7. The President and Peyton
As first reported by Politico, New Orleans son Peyton Manning spoke to Republican Congress members in Philadelphia last week at a meeting attended by President Donald Trump and Vice-President Mike Pence. Manning has been a reliable donor to GOP candidates at the federal level over the years. In the last election cycle, he backed Jeb Bush to the maximum level ($2,700).

  Trump has boasted of his friend-ship with Manning, saying he back- ed the Denver Broncos in last year's Super Bowl mostly due to the quarterback: "I very much have always liked Peyton Manning," Trump told CBS' Face the Nation last year. "He's a very good guy. I know him. And he's a very, very good guy." In his interview with ABC News last week, Trump defended his controversial speech at the CIA Memorial Wall with more Peyton-isms: "I got a standing ovation," the president said. "In fact, they said it was the biggest standing ovation since Peyton Manning had won the Super Bowl and they said it was equal."

8. French Quarter Fest nabs Neville
Aaron Neville will make his French Quarter Festival debut at this year's event, which features a lineup of nearly 200 bands and artists at venues throughout the Vieux Carre. Neville will headline the fest's opening night on Thursday, April 6.

  Also making their debut in 2017 are Louisiana's LeRoux, Gregory Agid, Cedric Watson and Bijou Creole, Tonya Boyd-Cannon, Valerie Sassyfras, Soul Brass Band, T'Monde and others, joining a lineup of classic New Orleans R&B artists and funk, brass, jazz, rap and rock artists.

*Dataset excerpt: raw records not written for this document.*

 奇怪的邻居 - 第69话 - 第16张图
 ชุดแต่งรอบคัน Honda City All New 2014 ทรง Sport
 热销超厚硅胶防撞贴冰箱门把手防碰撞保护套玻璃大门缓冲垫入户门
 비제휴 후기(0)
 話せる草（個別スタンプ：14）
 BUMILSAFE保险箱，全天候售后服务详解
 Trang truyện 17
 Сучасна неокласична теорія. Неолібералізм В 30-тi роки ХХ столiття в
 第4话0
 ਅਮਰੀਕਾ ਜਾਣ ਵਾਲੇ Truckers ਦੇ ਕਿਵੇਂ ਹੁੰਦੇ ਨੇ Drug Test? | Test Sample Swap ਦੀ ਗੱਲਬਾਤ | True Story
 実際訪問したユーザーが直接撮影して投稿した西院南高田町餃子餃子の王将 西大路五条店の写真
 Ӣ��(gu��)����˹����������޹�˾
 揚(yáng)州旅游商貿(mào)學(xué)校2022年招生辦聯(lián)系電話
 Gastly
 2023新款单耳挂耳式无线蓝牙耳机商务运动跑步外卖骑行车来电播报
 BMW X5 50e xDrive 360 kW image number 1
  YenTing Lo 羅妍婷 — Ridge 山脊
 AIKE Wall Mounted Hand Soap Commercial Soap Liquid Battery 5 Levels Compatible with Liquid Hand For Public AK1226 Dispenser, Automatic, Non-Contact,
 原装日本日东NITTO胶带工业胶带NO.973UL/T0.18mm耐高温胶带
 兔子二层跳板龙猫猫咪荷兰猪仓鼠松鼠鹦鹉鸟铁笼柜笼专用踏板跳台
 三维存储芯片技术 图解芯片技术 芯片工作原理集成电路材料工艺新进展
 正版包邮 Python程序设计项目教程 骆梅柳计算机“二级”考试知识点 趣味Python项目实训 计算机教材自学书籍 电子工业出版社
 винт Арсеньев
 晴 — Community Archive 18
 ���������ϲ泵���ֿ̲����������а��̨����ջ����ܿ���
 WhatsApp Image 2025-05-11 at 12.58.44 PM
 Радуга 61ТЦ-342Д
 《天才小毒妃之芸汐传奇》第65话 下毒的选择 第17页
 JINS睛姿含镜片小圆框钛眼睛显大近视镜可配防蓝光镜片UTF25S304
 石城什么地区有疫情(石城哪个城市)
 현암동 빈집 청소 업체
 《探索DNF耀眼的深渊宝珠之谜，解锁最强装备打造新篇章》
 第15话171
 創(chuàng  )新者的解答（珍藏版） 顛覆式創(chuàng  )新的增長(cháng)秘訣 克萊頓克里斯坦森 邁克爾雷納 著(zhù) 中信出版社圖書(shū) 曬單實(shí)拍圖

The 34th annual festival is free and runs April 6-9.

9. Propaganda exhibit at National WWII Museum
A visiting exhibit at the National World War II Museum explores examples of propaganda during World War II. "State of Deception: The Power of Nazi Propaganda" is a traveling version of permanent modules created by the United States Holocaust Memorial Museum. It opened in New Orleans Jan. 27.

  Kimberly Guise, the National World War II Museum's assistant director for curatorial services, hopes the exhibit will open a dialogue with visitors about what propaganda is and how to debunk it.

  "It's always important for informed citizens to really think critically about all the information that is coming at us — in the digital age in particular, where there's lots of information available to us at all times," she says. The exhibit is on display through June 18.

10. Mythbusting GOP chair Villere: JBE 'not welcome'
Louisiana Republican party chair Roger Villere, a Metairie businessman, issued a blistering statement last week debunking a wild rumor that Gov. John Bel Edwards might be considering a switch from Democrat to Republican. "For the record, John Bel Edwards would not be welcome to join the GOP," Villere said in an emailed statement about an online story published by Louisiana Voice editor Tom Aswell. "Story is false, but has provided great comic relief! I have not spoken with Governor Edwards or anyone on his staff. Edwards, the former Democrat caucus leader, stands in opposition to the conservative principles of the Republican Party and just recently supported Hillary Clinton for President. As Governor, Edwards has proven to be a supporter of big government, higher taxes and cronyism. While we strive to have a big tent party, John Bel Edwards' positions and beliefs are located on another hemisphere."

  Edwards has never stated or even hinted that he was considering a party switch, but the rumor persisted — for a few days.